▶ [EXERCISE OBJECTIVE]
Exact reproductions of all the entries, please, and no pictures.

▶ [EXCERPTED DATA]
---
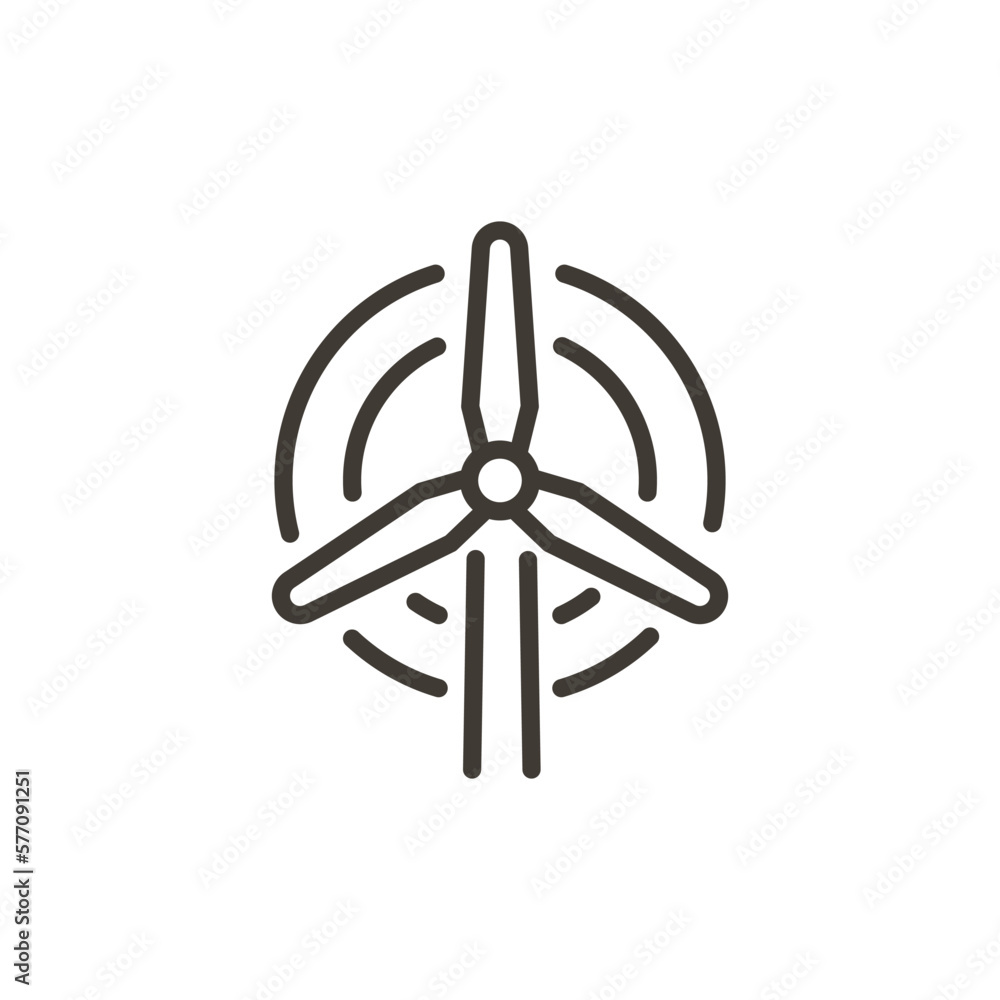 Vector thin line icon outline linear stroke illustration of a wind ...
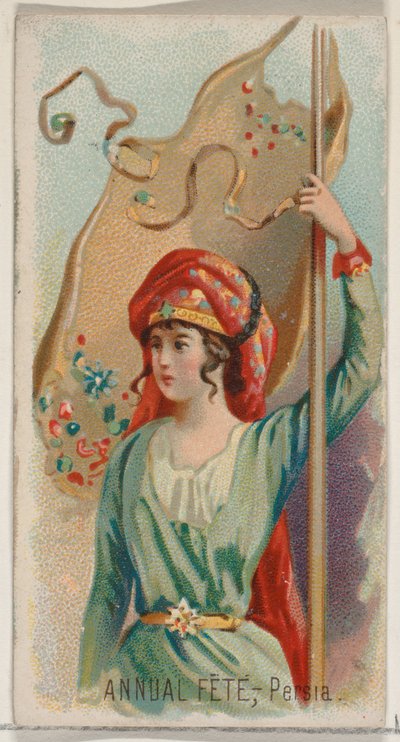 Annual Fête, Persia, från Holidays-serien N80 för cigaretter av märket Duke, 1890., 1890. av George S. Harris and Sons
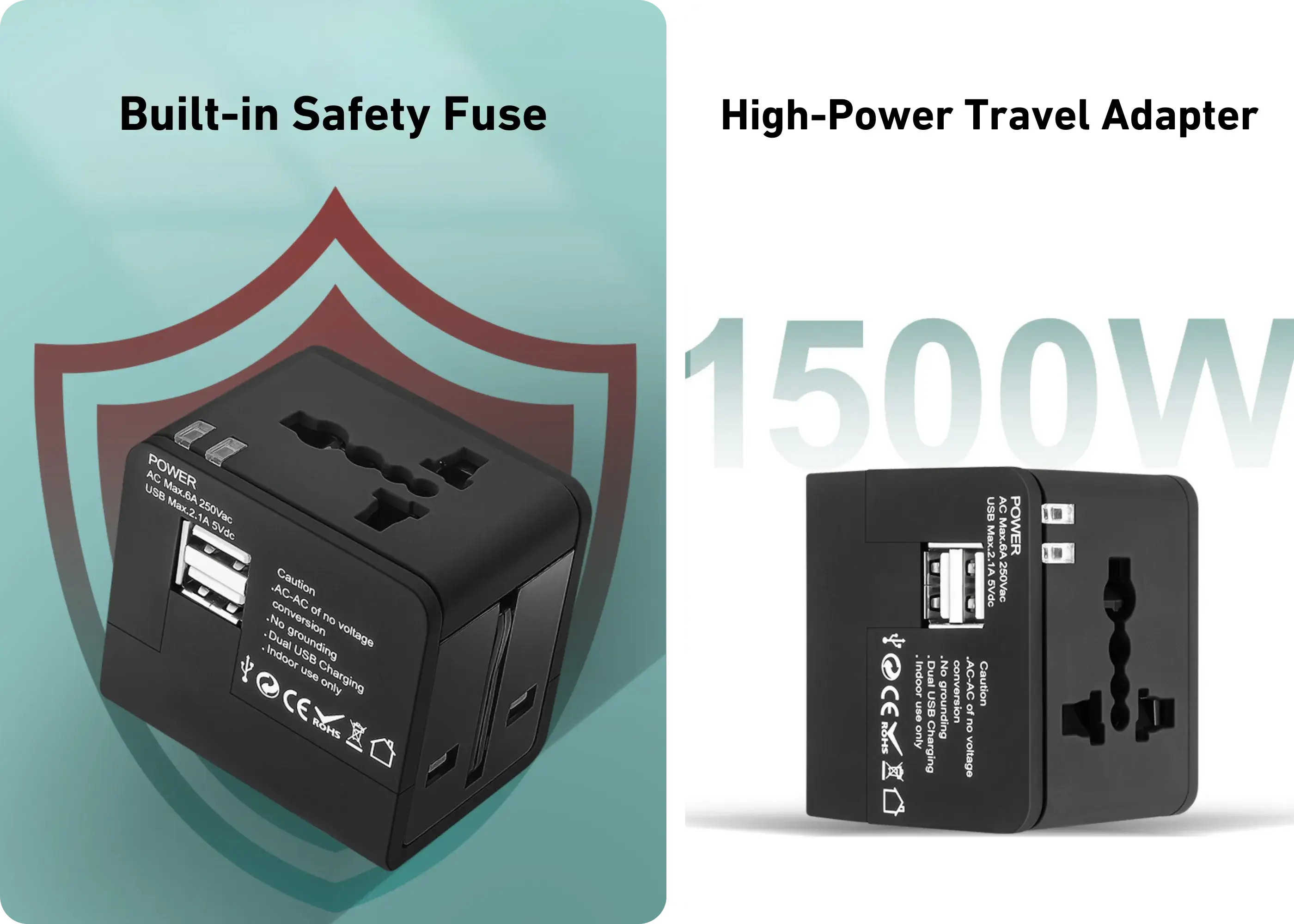 WY-08 travel adapter with 1500W fuse and overload protection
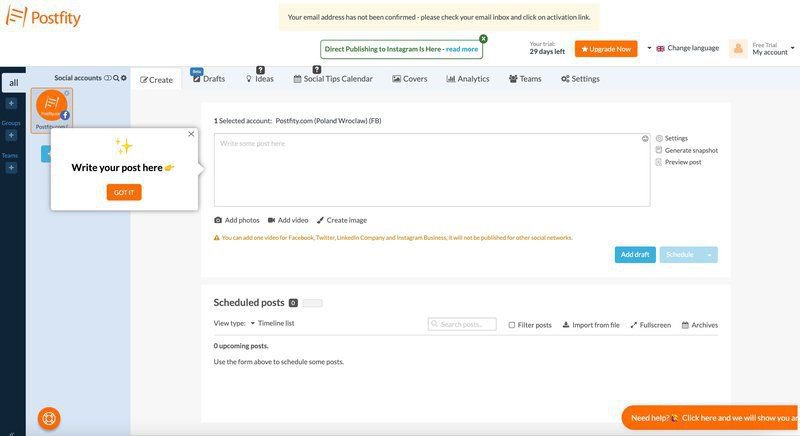 Postfity schedule post proactive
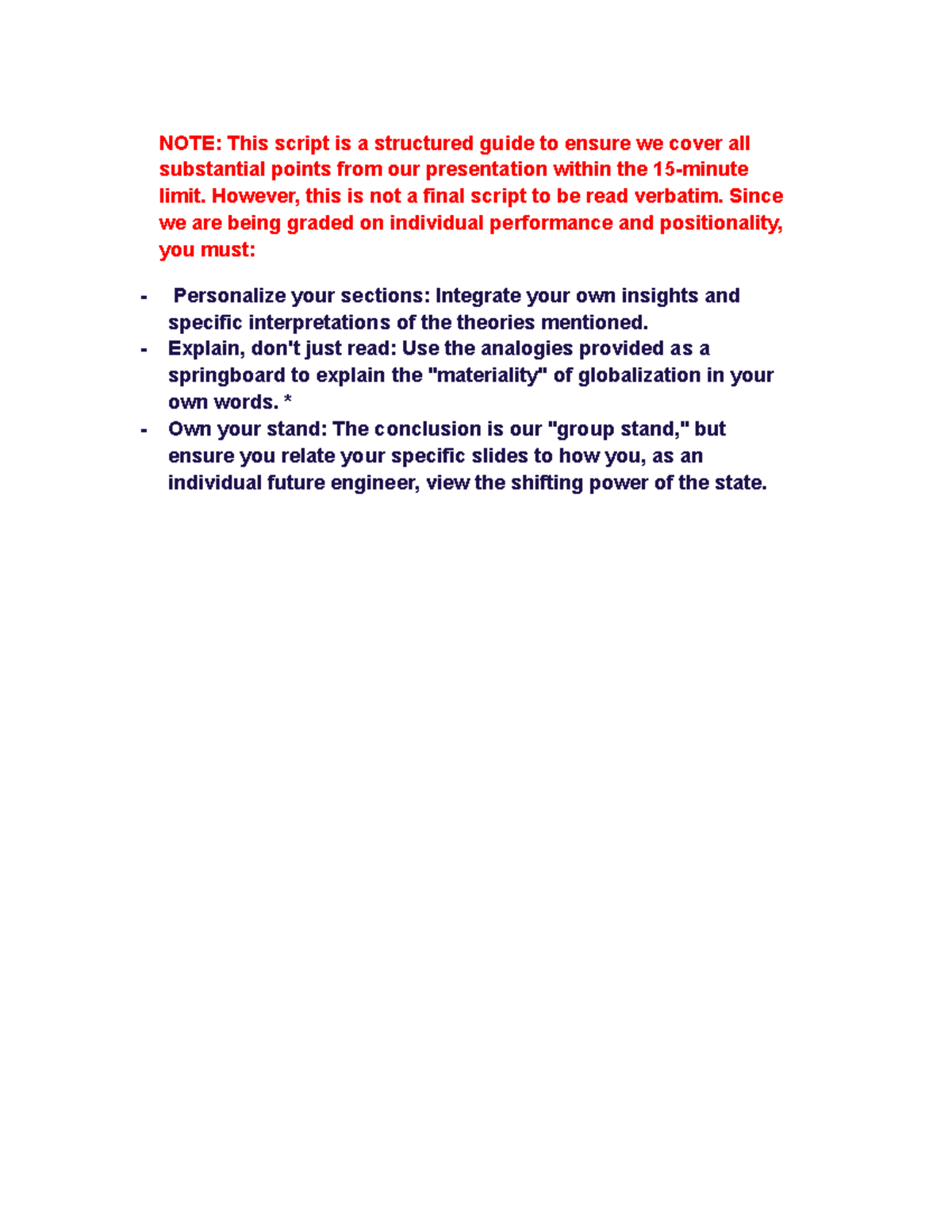 Reporting Script - Group 2: Political Dimension of Globalization (BSCE ...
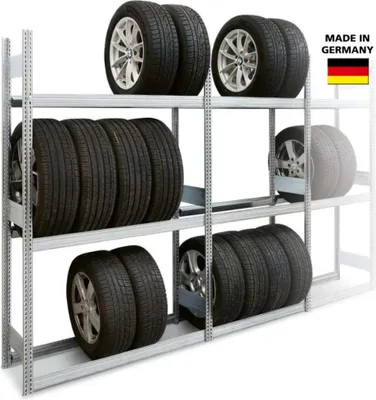 Produktbild von Reifenregal GRIP Stecksystem | Reifen inkl. Felgen | Tall | HxBxT 200x101x40cm | 3 Ebenen | Fachlast 250kg | Verzinkt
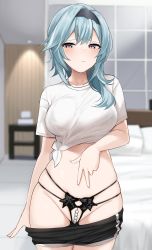 Rule 34 | 1girl, absurdres, bad id, bad twitter id, black panties, black shorts, blouse, blue hair, blurry, breasts, clothes pull, cowboy shot, crop top, depth of field, eula (genshin impact), frown, genshin impact, groin, hair over shoulder, hairband, hand on own stomach, highres, indoors, large breasts, lingerie, long hair, looking at viewer, midriff, multi-strapped panties, panties, pearl thong, shengtian, shirt, short shorts, short sleeves, shorts, shorts pull, side-tie shirt, skindentation, solo, standing, stomach, string panties, underwear, white shirt, yellow eyes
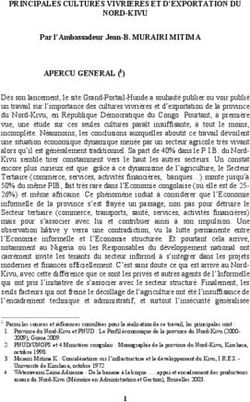 PRINCIPALES CULTURES VIVRIERES ET D'EXPORTATION DU NORD-KIVU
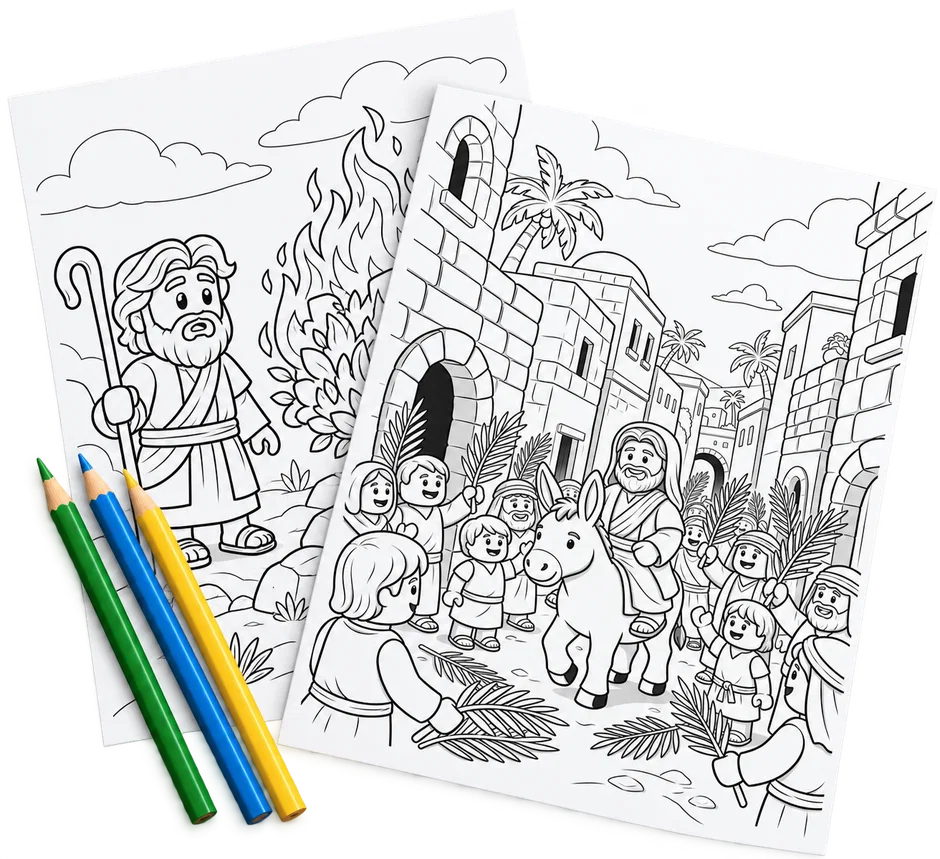 Desenhos bíblicos em preto e branco para colorir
---
▶ [RESPONSE]
 Vector thin line icon outline linear stroke illustration of a wind ...
 Annual Fête, Persia, från Holidays-serien N80 för cigaretter av märket Duke, 1890., 1890. av George S. Harris and Sons
 WY-08 travel adapter with 1500W fuse and overload protection
 Postfity schedule post proactive
 Reporting Script - Group 2: Political Dimension of Globalization (BSCE ...
 Produktbild von Reifenregal GRIP Stecksystem | Reifen inkl. Felgen | Tall | HxBxT 200x101x40cm | 3 Ebenen | Fachlast 250kg | Verzinkt
 Rule 34 | 1girl, absurdres, bad id, bad twitter id, black panties, black shorts, blouse, blue hair, blurry, breasts, clothes pull, cowboy shot, crop top, depth of field, eula (genshin impact), frown, genshin impact, groin, hair over shoulder, hairband, hand on own stomach, highres, indoors, large breasts, lingerie, long hair, looking at viewer, midriff, multi-strapped panties, panties, pearl thong, shengtian, shirt, short shorts, short sleeves, shorts, shorts pull, side-tie shirt, skindentation, solo, standing, stomach, string panties, underwear, white shirt, yellow eyes
 PRINCIPALES CULTURES VIVRIERES ET D'EXPORTATION DU NORD-KIVU
 Desenhos bíblicos em preto e branco para colorir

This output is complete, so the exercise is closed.